There is the goddess Brigit and the saint Brigid , I
will talk about the goddess altho the stories about them are similar.
Some say the goddess became a saint when the Christian church was trying
to convert everyone. Some say the saint was an actual women who after
her death and many years of oral translations, became one and the same
with the goddess. What is known is that the goddess was around for centuries
and in many cultures, however nothing was in written form until years
after the saints death.
It seems uncertain exactly how ancient Brigit is or where she originated
from, but she is most connected with Ireland and Britain. There are
hundreds of places that bear her name like Brideswell and Remplebride.
Images of Brigit often have her holding a spear and an orb or globe,
the symbol of sovereignty. Some references have her wearing a green
mantle, which some say is a symbol of the connection to the fairy folk
and some say a connection to healing. Most times described with blonde
hair and being fair and slender. She is a triple goddess and is sometimes
pictured as three women each holding an item related to her triple nature:
a book for poetry, a sword or knife for smithcraft, and herbs for healing.(Note:
She is a triple goddess but not maiden, mother, crone necessarily, her
three aspects are usually the same goddess holding different symbols.
She has been strongly associated with maiden, as bride, and crone, as
goddess of life and death or battles.)
Brigit is fire and water
goddess of sovereignty, the hearth, all feminine arts and crafts,
fertility, childbirth, martial arts, healing, physicians, agriculture,
inspiration, poetry, learning, smithcraft, animal husbandry, and prosperity.
She is strongly connected to the realm of faery. Her sacred number
is 19 (the Celtic Great year -- the number of years it takes
for the new moon to coincide with the Sun's winter solstice).

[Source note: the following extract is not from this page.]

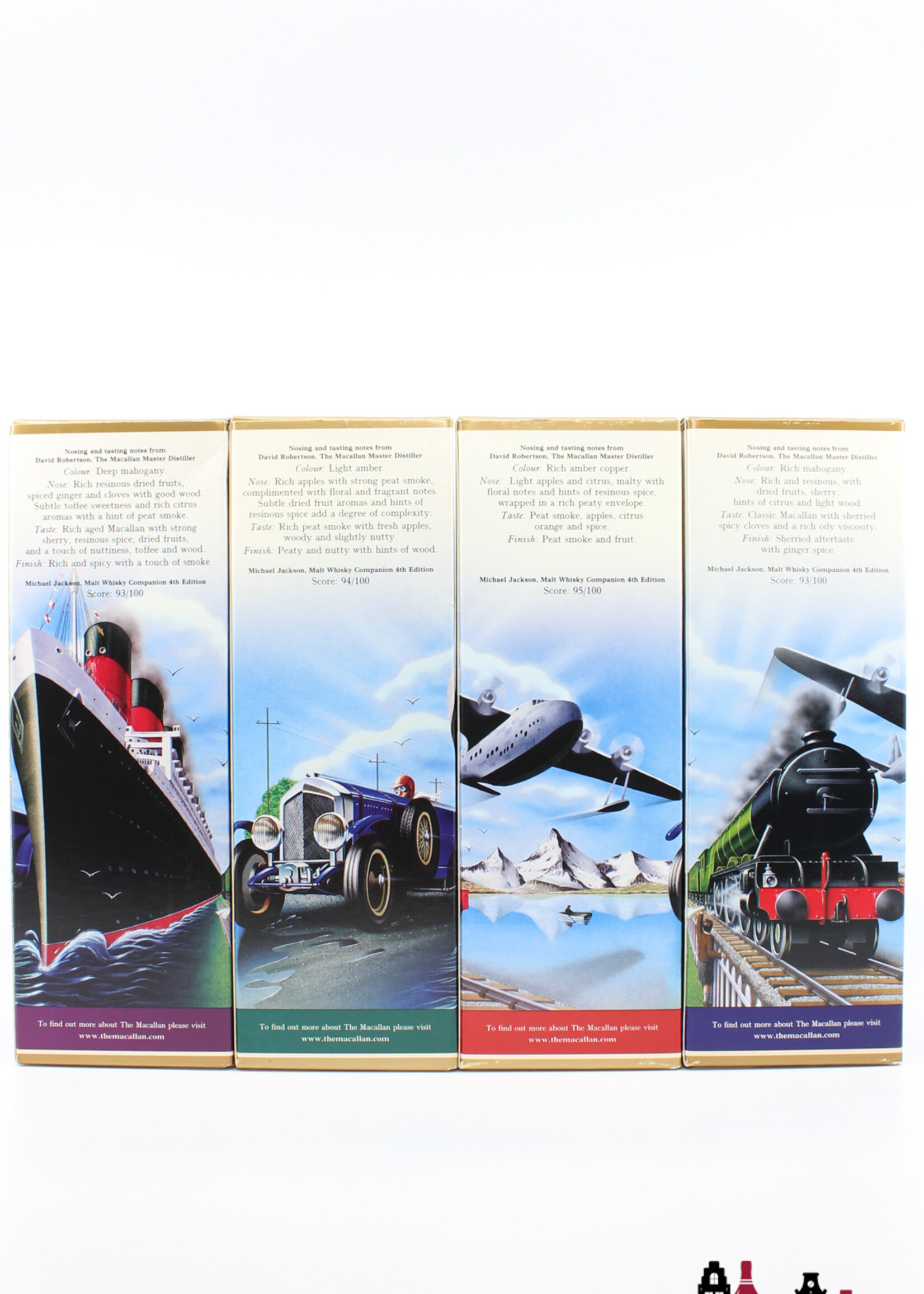 The Macallan Macallan Travel Series set: 1920's (Twenties), 1930's (Thirties), 1940's (Forties), 1950's (Fifties) 40% (Full set)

Animal associations for Brigit are the boar (the king of boars
came from the forest to join her herd), cow ( a magical cow of
white with red ears), fish (small spotted fish were said to appear
in her sacred springs as harbinger of healing), sheep (Imbolc
connection), snakes (healing goddess connection as no snakes
in Ireland), wolf, bear, and badger. The main birds were
swans (when mentioned by the Celts the swans had gold or silver
chains around their necks to show association with goddess) and vultures
(goddess of battlefields).
Plants associated with Brigit include blackberry, grain and hops
(the goddess loves her beer and ale), all early spring flowers,
hazel, oak, rowan, willow, healing herbs like rosemary, dill,
chamamile and red clover.
She has some traits in common with other goddess and has been compared
to Juno, The Queen of Heaven; Minerva, patron of wisdom and handicrafts;
Vesta, a virgin fire goddess; and even Hecate in that both stand at
the boundary of different worlds. Hecate is worshipped at a crossroads
where three roads meet and Brigit is worshipped where three streams
meet, flowers and milk were left there for offerings. As Brigit is also
a water goddess, some believe that Sulis is another face of Brigit.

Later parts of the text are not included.